Chandler, the uber-PIM project from the Open Source Applications Foundation, has had a major life event. Many people are calling it the end of the project, and it may well be. People are still working on it, but the funding is cut, and the future is very very unclear.
This is too bad, it was an ambitious and idealistic project, perhaps too much so. I don’t really know what was going on over there. I haven’t read Dreaming in Code, I don’t read the mailing lists, I haven’t even looked at their software in years.
Remarkably, Carlos Perez blames it on Python. His piece is really something, because he starts by admitting that he suspected from the beginning that Python wasn’t up to the task, and now he’s pretty sure his suspicions have been confirmed. Except that he doesn’t do any analysis of what actually went wrong at Chandler. He repeats his biases against dynamic languages, and concludes that they are to blame. He comes to this conclusion even as he points out how strange it is that Python is only used in the client, and the server is Java!
The consensus seems to be, and it seems right, that the problems with Chandler were:
- Organization: too many heavy-hitters heading in their own directions. See the previous point about Python at the client and Java at the server.
- Lack of focused target: replacing people’s email infrastructure, while at the same time re-thinking how those activities are accomplished is a huge challenge.
Carlos’ viewpoint will probably perservere. Chandler was in some ways seen as a poster child for Python, and its demise I’m sure will cause at least a minor meme along the lines of, “We can’t use Python, look what happened to Chandler.” This is too bad. I think the choice of language matters to a project, but not nearly as much as we techies often think. So many other things matter a great deal more.

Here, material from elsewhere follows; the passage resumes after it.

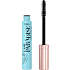 Mascara Paradise Extatic Black vandfast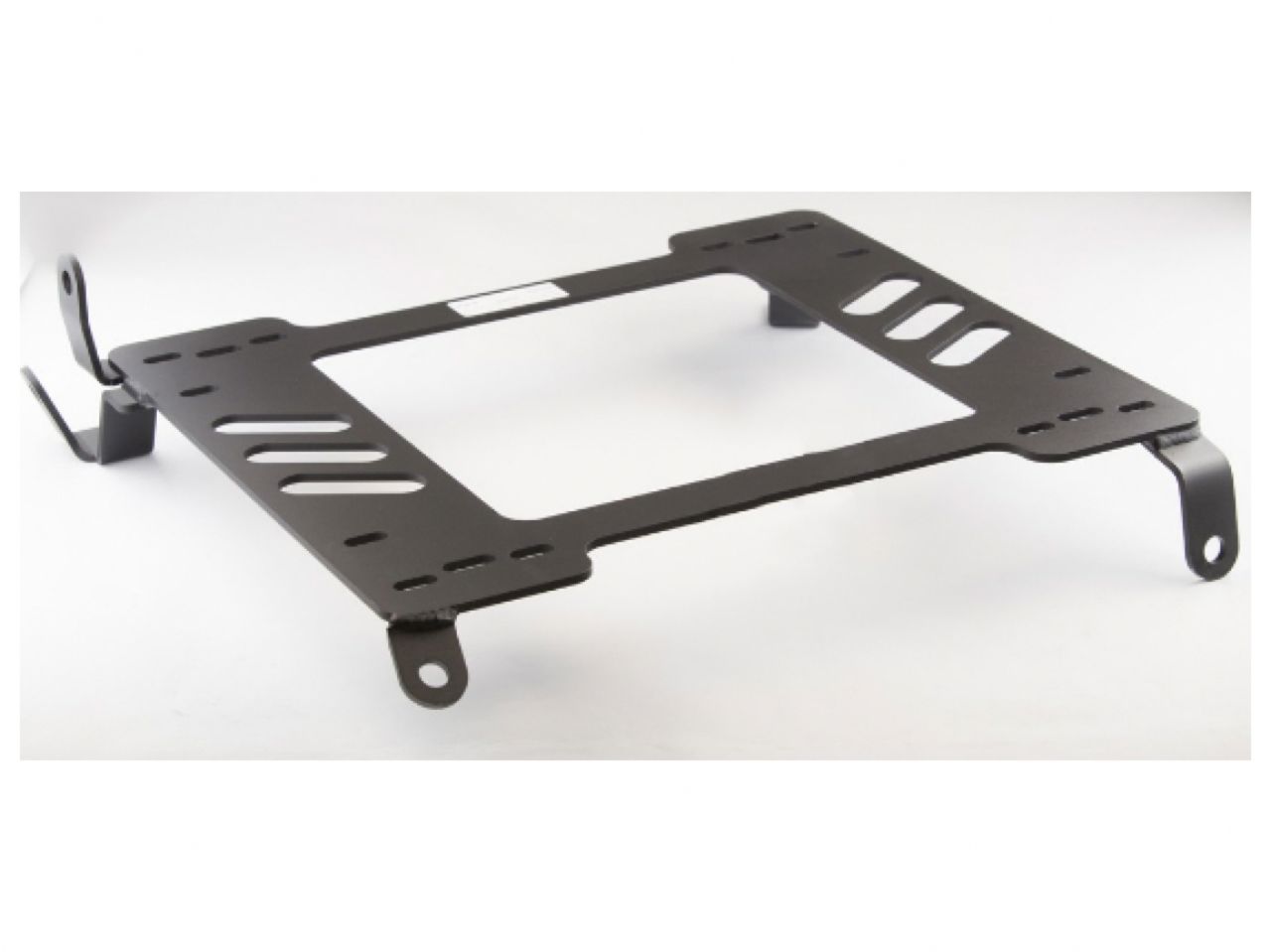 Planted Technology Seat Bracket: ToyotaTacoma (1995.5-2004) - Driver /Left *Discontinued (view 2)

Carlos points to Eclipse as an example of what can be accomplished with Java. Eclipse is an amazing achievement, but it isn’t Java that did it. There’s a huge amount of effort that goes into the focus and support that makes Eclipse what it is. As an example, have you ever read their release notes? These are amazing! No project in the history of the world has had such thorough, helpful, and well-crafted release notes. That’s got nothing to do with Java, and everything to do with the care and work that the Eclipse organization puts into producing and supporting their software.
So here’s to Chandler, a (nearly) departed friend. I hope that it continues in some meaningful form. Here’s to good craftsmen (and their kibbitzers) not blaming their tools. Here’s to using your language of choice as just one tool in your tool set. And here’s to seeing your projects for what they are: a collection of people trying hard to achieve difficult goals the best they can.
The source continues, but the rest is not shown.